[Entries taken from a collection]

====

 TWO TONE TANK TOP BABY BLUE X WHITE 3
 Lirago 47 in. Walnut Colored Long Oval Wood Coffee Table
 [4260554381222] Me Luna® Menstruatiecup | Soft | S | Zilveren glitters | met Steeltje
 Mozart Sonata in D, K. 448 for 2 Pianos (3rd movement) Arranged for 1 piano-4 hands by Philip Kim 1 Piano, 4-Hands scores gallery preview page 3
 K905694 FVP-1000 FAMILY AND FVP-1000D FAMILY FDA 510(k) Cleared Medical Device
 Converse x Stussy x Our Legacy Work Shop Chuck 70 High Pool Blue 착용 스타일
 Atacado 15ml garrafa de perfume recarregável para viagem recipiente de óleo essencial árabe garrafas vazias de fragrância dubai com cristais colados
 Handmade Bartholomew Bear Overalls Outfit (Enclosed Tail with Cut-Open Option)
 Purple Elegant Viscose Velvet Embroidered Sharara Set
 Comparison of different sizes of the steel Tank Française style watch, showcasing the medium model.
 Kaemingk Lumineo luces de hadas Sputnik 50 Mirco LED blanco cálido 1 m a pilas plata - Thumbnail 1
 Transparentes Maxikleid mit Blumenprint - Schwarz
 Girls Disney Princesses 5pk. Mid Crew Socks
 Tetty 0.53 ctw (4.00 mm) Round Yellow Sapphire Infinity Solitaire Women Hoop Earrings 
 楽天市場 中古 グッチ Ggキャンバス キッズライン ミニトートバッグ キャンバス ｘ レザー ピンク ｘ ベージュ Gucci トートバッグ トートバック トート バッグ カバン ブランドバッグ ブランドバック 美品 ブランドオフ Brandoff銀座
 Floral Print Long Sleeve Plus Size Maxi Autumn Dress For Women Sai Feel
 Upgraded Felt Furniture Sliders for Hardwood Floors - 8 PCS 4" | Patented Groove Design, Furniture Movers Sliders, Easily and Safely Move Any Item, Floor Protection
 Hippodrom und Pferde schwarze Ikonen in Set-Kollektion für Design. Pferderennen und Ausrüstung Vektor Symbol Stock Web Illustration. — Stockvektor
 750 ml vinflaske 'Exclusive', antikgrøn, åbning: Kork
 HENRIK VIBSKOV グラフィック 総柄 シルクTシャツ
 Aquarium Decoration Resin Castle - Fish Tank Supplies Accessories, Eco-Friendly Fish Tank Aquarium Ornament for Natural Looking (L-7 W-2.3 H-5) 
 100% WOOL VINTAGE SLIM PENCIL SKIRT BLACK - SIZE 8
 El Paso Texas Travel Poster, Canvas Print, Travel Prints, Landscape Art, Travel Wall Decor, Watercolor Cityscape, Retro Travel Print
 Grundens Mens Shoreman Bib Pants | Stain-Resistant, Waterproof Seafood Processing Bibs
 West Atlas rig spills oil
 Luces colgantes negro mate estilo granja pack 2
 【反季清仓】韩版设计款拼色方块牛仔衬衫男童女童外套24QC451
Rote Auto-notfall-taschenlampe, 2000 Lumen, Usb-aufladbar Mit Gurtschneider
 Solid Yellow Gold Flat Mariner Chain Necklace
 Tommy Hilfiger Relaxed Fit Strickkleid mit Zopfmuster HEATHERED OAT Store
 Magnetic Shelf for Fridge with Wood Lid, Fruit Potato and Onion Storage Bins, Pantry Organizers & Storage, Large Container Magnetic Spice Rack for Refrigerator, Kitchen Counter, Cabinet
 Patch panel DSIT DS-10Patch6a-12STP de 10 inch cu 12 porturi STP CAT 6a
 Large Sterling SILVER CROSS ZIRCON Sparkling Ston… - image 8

====

## What the task requires
Set down, word for word, every line from the line that holds "HENRIK VIBSKOV グラフィック 総柄 シルクTシャツ" to the end of the entries above, including both ends.

## Your response
 HENRIK VIBSKOV グラフィック 総柄 シルクTシャツ
 Aquarium Decoration Resin Castle - Fish Tank Supplies Accessories, Eco-Friendly Fish Tank Aquarium Ornament for Natural Looking (L-7 W-2.3 H-5) 
 100% WOOL VINTAGE SLIM PENCIL SKIRT BLACK - SIZE 8
 El Paso Texas Travel Poster, Canvas Print, Travel Prints, Landscape Art, Travel Wall Decor, Watercolor Cityscape, Retro Travel Print
 Grundens Mens Shoreman Bib Pants | Stain-Resistant, Waterproof Seafood Processing Bibs
 West Atlas rig spills oil
 Luces colgantes negro mate estilo granja pack 2
 【反季清仓】韩版设计款拼色方块牛仔衬衫男童女童外套24QC451
Rote Auto-notfall-taschenlampe, 2000 Lumen, Usb-aufladbar Mit Gurtschneider
 Solid Yellow Gold Flat Mariner Chain Necklace
 Tommy Hilfiger Relaxed Fit Strickkleid mit Zopfmuster HEATHERED OAT Store
 Magnetic Shelf for Fridge with Wood Lid, Fruit Potato and Onion Storage Bins, Pantry Organizers & Storage, Large Container Magnetic Spice Rack for Refrigerator, Kitchen Counter, Cabinet
 Patch panel DSIT DS-10Patch6a-12STP de 10 inch cu 12 porturi STP CAT 6a
 Large Sterling SILVER CROSS ZIRCON Sparkling Ston… - image 8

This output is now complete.